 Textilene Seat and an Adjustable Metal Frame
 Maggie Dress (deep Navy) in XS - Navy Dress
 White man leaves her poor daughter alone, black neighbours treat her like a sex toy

PROBLEM STATEMENT:
For this exercise, please retype exactly the lines in the listing from the line with "Maggie Dress (deep Navy) in XS - Navy Dress" through its last line, both ends included.

FINISHED TASK:
 Maggie Dress (deep Navy) in XS - Navy Dress
 White man leaves her poor daughter alone, black neighbours treat her like a sex toy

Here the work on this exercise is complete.